# Hotdog toppings



## DKWunlimited (Sep 11, 2006)

We have a family reunion coming up on August 5th with about 80 family members coming. I am hosting 1 of the gatherings with a hotdog buffet and ice cream social.

I'm brainstorming fun ideas for hotdog toppings. What does your family put on their grilled hotdogs?


----------



## alida (Feb 8, 2015)

Our family reunion was this past weekend (one day), with about 50 people attending. We had the usual hotdogs, hamburgers and sausages. The toppings were on one table and best I recall included the following: standard ketchup,green relish and yellow mustard. Corn relish, sauerkraut, diced onions, sweet peppers, both fresh and grilled and bread butter pickles. I saw sliced pickled hot peppers and diced fresh tomatos. I know that people often put hotdogs in macaroni 'n cheese. I suppose that could be a topping too, along with chili. I've often had grated cheese on a hotdog but we didn't have that this weekend. 
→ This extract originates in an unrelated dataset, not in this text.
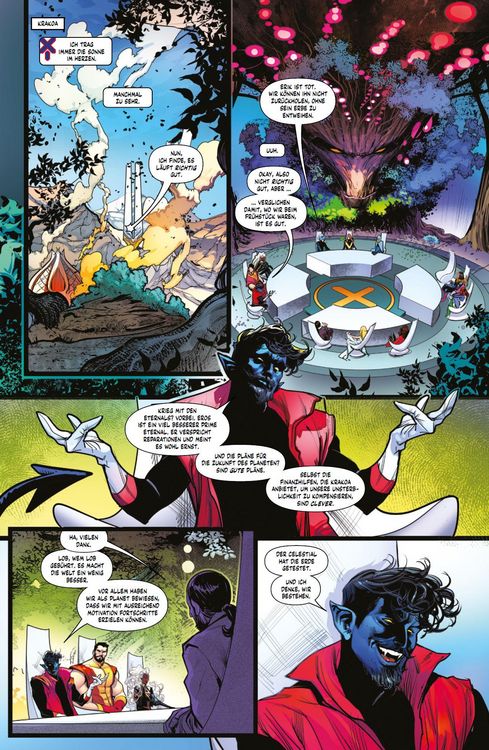 Produktbild: Die unsterblichen X-Men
The kids loved anything that came in a squeeze bottle. Some of the adults built hotdogs and burgers with so many toppings that the meat was barely visible. 

I hope yours is as much fun as ours was.


----------



## AmericanStand (Jul 29, 2014)

Don't forget the sweet stuff like Honey, jellies , molasses and pineapple.
Or the gravy,
White ,sausage,brown , turkey and red eye.


----------



## ShannonR (Nov 28, 2012)

What has already been stated. Also Hot or brown mustard, bbq sauce, nacho cheese, jalapenos, srirhacha sauce, A-1 or similar steak sauce. Powdered garlic, chili powder, fried onion rings.


----------



## ShannonR (Nov 28, 2012)

Chocolate syrup and rainbow sprinkles for the kiddos. Maple syrup might actually be good too...
Might as well put some ice cream out too, haha


----------



## ShannonR (Nov 28, 2012)

And bacon....how could I forget such a necessity!?? Strips or bits would both be fun


----------



## mnn2501 (Apr 2, 2008)

Brown mustard, diced onions and maybe pickle relish.
Alternately: Chili, cheddar cheese and onions


----------



## mnn2501 (Apr 2, 2008)

ShannonR said:


> Chocolate syrup and rainbow sprinkles for the kiddos. Maple syrup might actually be good too...


On hot dogs??? YUCK!!!!


----------



## ShannonR (Nov 28, 2012)

You'd be really surprised at what people will eat!!
Besides, you could just pile ice cream and those toppings into a bun.....the OP's event is also an ice cream social, yea?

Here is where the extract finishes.